In fast zwei Jahren Rot-Rot-Grün ist noch kein einziger neuer Radweg gebaut worden, kritisiert nicht nur Heinrich Strößenreuther, Initiator des Volksentscheids. Mit Peter Feldkamp wird jetzt allerdings einer der engsten Mitstreiter Strößenreuthers in die Verkehrsverwaltung wechseln. „Ich werde ab dem 15. Juli im Stab von Herrn Staatssekretär Kirchner in der Koordinierungsstelle Radverkehr bei einer zügigen Umsetzung des Mobilitätsgesetzes helfen“, schrieb Feldkamp am Mittwoch dem Tagesspiegel.
Bus- und Bahnkunden
Das Mobilitätsgesetz will den Öffentlichen Personennahverkehr (ÖPNV) ausbauen.
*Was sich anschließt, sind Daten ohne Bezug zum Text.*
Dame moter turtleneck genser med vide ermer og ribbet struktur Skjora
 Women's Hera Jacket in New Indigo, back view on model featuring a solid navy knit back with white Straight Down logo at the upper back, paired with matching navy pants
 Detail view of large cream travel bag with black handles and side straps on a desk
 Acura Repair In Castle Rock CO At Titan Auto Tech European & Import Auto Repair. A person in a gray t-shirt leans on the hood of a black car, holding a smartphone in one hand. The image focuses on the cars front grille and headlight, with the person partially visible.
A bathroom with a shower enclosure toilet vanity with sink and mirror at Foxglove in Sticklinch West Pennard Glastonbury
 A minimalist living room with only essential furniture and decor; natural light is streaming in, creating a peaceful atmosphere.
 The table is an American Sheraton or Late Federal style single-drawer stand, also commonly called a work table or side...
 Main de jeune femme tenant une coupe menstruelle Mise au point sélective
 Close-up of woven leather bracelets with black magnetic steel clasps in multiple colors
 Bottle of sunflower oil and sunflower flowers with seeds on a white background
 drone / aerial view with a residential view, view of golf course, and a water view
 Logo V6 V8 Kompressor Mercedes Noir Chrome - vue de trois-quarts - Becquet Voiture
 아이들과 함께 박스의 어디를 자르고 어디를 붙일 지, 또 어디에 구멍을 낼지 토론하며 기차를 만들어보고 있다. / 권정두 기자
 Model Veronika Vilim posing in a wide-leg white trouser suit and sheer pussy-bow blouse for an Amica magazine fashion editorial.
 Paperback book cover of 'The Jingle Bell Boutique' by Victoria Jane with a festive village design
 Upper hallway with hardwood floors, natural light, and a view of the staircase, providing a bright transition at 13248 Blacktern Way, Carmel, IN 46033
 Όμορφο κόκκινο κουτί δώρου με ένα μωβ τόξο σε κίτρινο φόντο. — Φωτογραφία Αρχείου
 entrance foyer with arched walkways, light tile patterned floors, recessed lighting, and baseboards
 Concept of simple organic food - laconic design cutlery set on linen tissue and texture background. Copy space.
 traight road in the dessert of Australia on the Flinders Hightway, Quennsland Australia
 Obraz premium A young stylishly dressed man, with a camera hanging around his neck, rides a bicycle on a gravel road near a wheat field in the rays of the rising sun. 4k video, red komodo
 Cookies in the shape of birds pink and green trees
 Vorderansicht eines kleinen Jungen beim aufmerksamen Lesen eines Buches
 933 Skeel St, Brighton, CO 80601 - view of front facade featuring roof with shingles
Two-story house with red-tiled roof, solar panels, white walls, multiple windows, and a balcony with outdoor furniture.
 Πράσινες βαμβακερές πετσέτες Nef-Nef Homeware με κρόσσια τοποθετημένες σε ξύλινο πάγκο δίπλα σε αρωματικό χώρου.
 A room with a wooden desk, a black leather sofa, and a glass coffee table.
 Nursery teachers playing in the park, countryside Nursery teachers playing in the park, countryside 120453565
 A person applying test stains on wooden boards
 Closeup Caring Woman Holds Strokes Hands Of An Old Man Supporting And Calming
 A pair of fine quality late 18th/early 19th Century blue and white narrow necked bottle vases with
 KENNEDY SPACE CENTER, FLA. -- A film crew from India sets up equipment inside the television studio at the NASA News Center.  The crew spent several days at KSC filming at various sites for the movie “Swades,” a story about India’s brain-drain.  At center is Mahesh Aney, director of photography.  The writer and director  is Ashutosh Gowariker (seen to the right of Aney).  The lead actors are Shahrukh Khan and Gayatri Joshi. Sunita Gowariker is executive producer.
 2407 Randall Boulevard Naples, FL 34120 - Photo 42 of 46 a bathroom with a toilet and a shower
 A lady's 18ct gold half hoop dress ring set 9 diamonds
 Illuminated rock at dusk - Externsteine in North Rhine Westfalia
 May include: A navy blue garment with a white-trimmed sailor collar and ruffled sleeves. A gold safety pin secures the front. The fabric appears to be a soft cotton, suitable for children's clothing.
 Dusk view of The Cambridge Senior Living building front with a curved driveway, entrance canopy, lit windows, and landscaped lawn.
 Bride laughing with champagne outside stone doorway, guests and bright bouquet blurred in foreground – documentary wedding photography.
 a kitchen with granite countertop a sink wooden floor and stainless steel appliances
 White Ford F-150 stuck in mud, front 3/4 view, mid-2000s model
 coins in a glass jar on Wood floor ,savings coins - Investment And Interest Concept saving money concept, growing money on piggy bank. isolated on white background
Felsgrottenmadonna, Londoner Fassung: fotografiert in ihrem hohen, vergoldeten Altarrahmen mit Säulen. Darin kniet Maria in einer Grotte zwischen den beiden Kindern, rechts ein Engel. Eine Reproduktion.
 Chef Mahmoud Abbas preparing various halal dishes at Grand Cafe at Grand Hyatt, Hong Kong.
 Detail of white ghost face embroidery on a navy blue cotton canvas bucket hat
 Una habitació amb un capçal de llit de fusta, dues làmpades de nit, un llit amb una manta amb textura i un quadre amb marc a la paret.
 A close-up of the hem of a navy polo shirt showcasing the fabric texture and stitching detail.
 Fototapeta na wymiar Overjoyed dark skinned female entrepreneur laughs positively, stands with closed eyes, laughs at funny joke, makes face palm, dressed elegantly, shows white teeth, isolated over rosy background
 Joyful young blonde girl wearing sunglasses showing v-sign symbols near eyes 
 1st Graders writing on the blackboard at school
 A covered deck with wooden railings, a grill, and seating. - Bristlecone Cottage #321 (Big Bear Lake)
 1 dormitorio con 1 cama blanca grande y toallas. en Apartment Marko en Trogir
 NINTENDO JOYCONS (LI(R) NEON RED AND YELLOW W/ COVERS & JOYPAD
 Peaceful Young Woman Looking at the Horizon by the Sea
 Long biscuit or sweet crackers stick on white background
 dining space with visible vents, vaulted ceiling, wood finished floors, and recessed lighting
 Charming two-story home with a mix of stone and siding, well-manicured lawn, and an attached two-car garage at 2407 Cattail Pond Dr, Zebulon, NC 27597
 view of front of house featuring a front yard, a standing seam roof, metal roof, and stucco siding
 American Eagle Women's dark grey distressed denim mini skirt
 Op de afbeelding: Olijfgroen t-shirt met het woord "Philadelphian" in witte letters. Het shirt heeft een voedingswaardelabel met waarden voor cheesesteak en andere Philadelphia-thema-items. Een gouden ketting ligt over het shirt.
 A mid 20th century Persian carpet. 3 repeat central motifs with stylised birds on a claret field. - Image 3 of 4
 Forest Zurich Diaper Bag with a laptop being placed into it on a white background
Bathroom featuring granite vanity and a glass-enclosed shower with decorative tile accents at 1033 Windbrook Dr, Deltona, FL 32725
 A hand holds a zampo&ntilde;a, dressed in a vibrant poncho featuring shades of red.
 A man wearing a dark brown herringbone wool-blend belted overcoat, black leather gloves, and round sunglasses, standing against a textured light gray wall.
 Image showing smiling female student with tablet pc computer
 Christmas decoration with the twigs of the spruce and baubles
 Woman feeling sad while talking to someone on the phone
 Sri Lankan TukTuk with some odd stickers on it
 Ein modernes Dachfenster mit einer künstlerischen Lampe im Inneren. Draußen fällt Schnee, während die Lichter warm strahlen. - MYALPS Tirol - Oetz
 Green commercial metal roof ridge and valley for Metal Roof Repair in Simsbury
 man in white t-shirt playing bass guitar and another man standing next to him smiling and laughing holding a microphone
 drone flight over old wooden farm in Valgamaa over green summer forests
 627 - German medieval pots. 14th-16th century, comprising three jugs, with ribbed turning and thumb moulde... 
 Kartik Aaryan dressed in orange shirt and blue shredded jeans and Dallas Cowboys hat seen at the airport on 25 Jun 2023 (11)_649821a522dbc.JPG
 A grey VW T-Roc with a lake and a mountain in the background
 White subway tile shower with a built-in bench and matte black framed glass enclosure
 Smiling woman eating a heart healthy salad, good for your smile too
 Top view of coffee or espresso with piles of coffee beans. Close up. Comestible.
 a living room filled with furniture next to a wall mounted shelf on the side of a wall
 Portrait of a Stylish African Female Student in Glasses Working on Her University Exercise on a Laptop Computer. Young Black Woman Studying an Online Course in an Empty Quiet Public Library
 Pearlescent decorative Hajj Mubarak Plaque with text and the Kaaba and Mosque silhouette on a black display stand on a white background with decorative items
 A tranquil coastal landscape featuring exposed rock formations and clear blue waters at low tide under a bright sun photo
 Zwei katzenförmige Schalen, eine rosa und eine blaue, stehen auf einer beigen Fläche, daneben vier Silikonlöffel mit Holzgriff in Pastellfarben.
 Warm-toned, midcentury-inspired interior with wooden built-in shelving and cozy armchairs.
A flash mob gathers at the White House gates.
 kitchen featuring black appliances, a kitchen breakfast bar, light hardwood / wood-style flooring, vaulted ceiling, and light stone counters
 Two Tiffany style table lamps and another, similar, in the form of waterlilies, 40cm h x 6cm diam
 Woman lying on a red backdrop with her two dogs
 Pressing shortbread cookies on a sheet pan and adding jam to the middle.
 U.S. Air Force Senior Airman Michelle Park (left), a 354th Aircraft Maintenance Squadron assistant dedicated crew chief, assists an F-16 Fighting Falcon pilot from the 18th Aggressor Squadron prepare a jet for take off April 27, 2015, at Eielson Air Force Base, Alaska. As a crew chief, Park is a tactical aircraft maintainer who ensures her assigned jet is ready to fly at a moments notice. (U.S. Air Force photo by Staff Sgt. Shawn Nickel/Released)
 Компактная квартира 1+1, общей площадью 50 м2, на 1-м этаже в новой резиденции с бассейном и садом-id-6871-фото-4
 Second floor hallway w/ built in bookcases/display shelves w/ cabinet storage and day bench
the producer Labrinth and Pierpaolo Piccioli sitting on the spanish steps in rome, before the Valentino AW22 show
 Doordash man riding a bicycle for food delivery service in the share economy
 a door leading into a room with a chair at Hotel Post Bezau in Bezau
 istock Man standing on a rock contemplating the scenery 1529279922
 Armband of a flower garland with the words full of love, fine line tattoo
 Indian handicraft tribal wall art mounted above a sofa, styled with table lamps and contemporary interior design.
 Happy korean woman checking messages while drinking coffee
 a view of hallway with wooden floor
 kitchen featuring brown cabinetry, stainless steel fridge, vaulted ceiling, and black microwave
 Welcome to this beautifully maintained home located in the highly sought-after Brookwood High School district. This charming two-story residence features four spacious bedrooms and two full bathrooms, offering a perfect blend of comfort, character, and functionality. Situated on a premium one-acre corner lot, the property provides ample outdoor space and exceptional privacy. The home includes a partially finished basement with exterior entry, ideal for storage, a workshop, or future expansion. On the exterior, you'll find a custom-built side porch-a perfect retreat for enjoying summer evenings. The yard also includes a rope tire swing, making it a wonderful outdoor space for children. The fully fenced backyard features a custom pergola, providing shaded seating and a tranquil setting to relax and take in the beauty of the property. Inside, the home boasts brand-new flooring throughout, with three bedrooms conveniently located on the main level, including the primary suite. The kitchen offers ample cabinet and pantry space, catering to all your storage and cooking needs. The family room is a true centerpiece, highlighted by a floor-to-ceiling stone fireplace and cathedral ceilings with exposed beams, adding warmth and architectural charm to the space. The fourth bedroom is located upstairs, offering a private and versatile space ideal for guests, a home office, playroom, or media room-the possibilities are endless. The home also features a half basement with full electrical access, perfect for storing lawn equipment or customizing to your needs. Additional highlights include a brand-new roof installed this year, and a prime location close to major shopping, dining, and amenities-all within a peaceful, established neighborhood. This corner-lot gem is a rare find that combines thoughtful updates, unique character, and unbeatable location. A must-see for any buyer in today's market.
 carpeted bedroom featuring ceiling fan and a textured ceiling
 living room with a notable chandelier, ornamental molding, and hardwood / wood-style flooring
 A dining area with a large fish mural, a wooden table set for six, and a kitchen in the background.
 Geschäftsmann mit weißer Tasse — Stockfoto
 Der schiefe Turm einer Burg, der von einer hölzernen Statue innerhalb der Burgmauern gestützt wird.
Dazu wurden bestehende Passagen aus dem ÖPNV-Gesetz einfach übernommen. Busse und Bahnen sollen auf definierten Strecken Vorrang bekommen. Neu ist auch, dass die BVG selbstständig Autos von Busspuren abschleppen lassen darf. Bislang musste dazu die Polizei geholt werden. An Bahnhöfen und Bushaltestellen sollen 50 000 Fahrradständer gebaut werden, 50 000 weitere an öffentlichen Einrichtungen. Parkhäuser und sichere Ständer sollen auch das Massendelikt Fahrraddiebstahl eindämmen.
Fußgänger
Sie sind in dem Gesetz – noch – nicht bedacht. Für sie soll es eigene Abschnitte im Mobilitätsgesetz „mit einer für 2018 zu erarbeitenden ersten Gesetzesänderung“ geben, dasselbe gilt für den Teil zum Wirtschaftsverkehr. Fußgänger profitieren aus Sicht von Fahrradaktivisten indirekt. Wenn es sichere eigene Wege für Radfahrer gibt, wird die Zahl derjenigen, die aus Angst vor dem Autoverkehr auf den Gehweg ausweichen, sinken.
Autofahrer
Sie werden ebenfalls nicht im Gesetz bedacht. Dies bemängelt die CDU massiv, selbst Teile der SPD hatten sich noch vor wenigen Wochen dieser Kritik angeschlossen und Nachbesserungen gefordert. Nach Angaben der Verkehrsverwaltung ist in der geplanten ersten Gesetzesänderung ein „Baustein zur intelligenten Mobilität, wenn es um Carsharing oder autonomes Fahren geht“ enthalten.
Ansonsten solle das Mobilitätsgesetz ja gerade ein Gleichgewicht zwischen den Verkehrsträgern schaffen und auch den Radverkehr und den ÖPNV gesetzlich würdigen. Der Autoverkehr sei schließlich seit Jahrzehnten in mehreren Gesetzen geregelt. Auch in den kommenden Jahren wird weit mehr Geld für den Autostraßenbau ausgegeben als für Radfahrer.
Alleine die 3,2 Kilometer Verlängerung der A100 nach Treptow kosten etwa 500 Millionen Euro. Heinrich Strößenreuther nannte das Gesetz „Deutschlands bestes Anti-Stau-Programm“. Die Logik dahinter ist einfach: Jeder zusätzliche Radfahrer verringert den Autostau. Der ADAC war an der Erarbeitung des Gesetzes beteiligt.
Weniger autofreundlich als die Verkehrsverwaltung hatte sich am Dienstag die Industrie- und Handelskammer geäußert: Um Platz für Lieferzonen schaffen zu können, sollte das Anwohnerparken an Haupteinkaufsstraßen unterbunden werden, forderte die IHK.